If you are referring to where colorbar shows up on the plot, then colorbar() takes a location parameter such as 'SouthOutside' . If that is not enough control then you can pass a 'Position' name/value pair, and a 'Units' name/value pair: note that coordinates are relative to the figure not to the axes (because the colorbar is typically drawn outside the axes.)
"manipulate this data to display in a cylindrical or circle form"
There are multiple ways of handling this.
One of the easiest ways to use pcolor(), which permits you to pass a matrix of X coordinates and a matrix of Y coordinates for each pixel. However this is really only 2D coordinates and adapting this to 3D in a way that you could rotate your plots is probably not worth it.
pcolor() is really just surface() followed by view(2). You can instead use surface() directly, specifying X, Y, and Z coordinates. If your data is intended to represent "pixels" then you would typically want to use texturemap . Or instead of doing it yourself you could all warp() to do the texture mapping for you.

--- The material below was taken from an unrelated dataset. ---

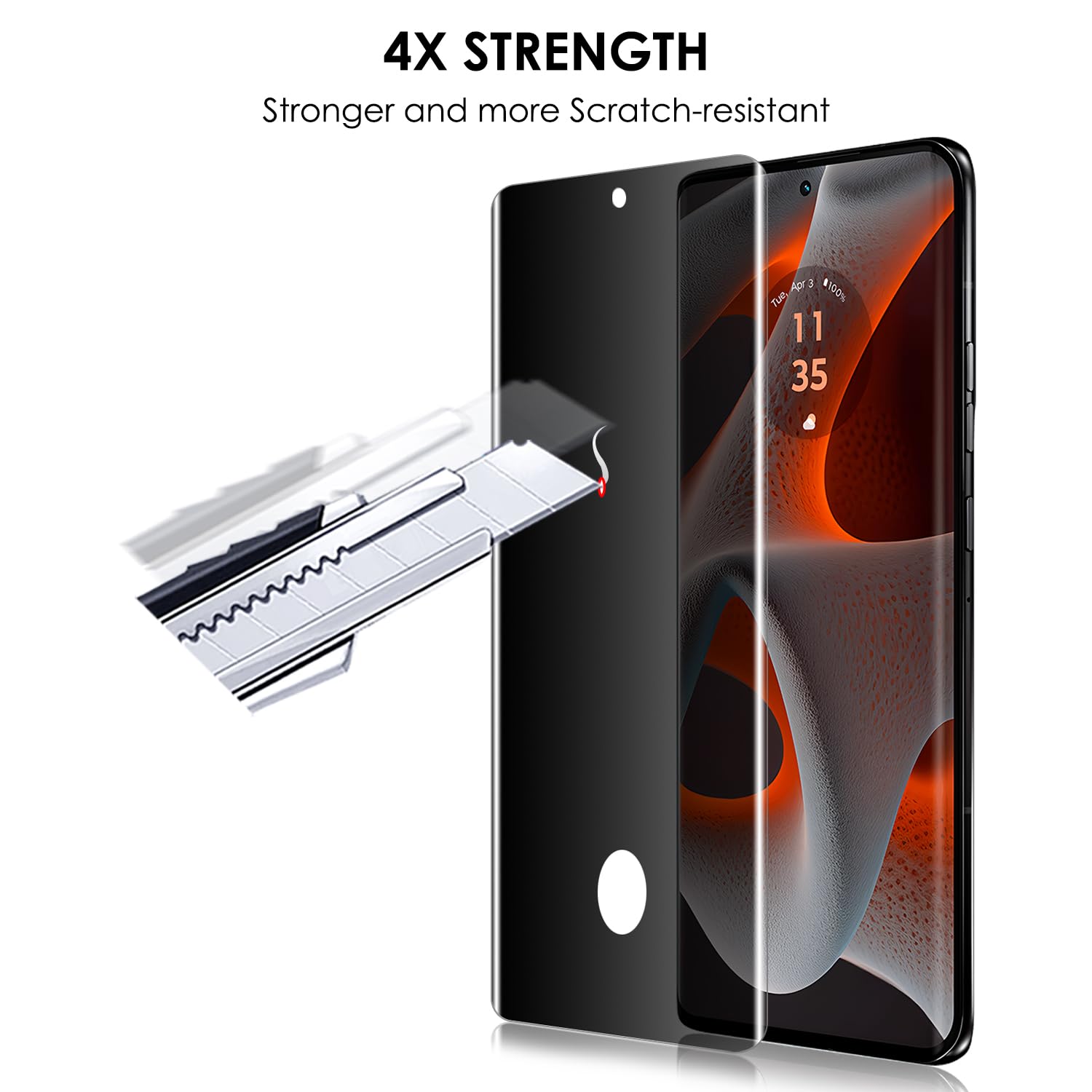 Protector de pantalla de privacidad para Motorola Edge 50 Pro [3 unidades], vidrio templado UV, antiespía, dureza 9H, resistente a los arañazos, compatible con identificación de huellas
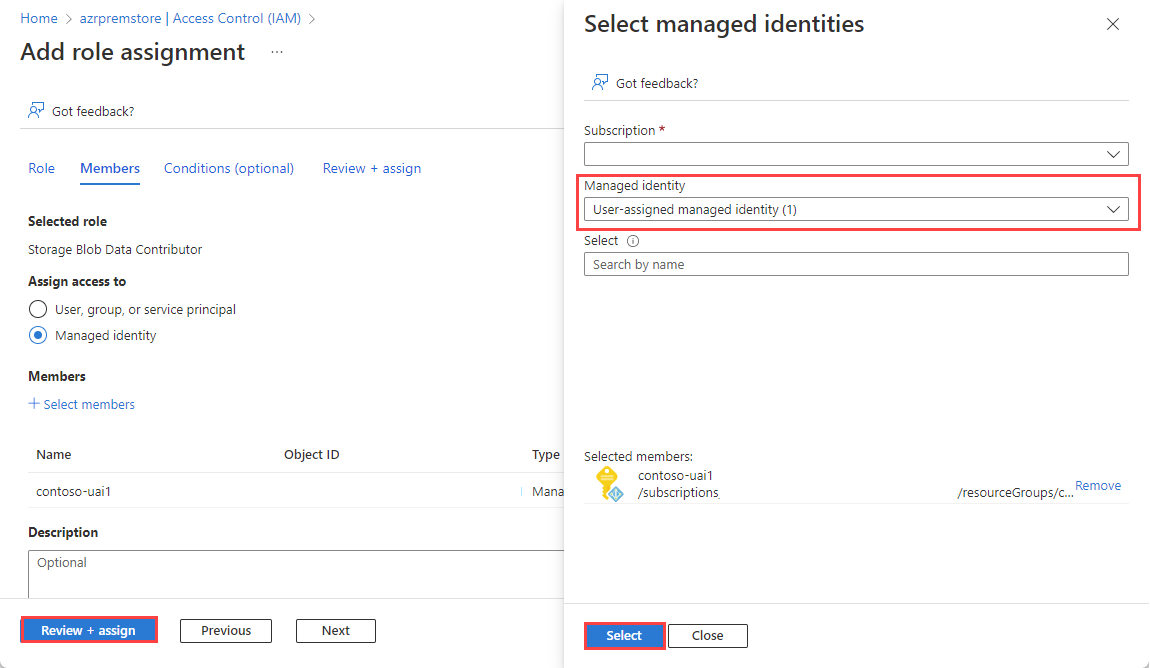 Screenshot che mostra il modulo Identità gestita con l'identità gestita assegnata dall'utente indicata.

You can also texture map a patch() object, but there are fewer wrapper interfaces like warp() for doing so. The main reason you might prefer patch() to surface() for something like this is that surface() associates colors with the center of faces -- so if you had 20 x 40 array then you would get 19 x 39 faces. patch() gives you more flexibility about how color is determined, including different ways of configuring interpolation of color.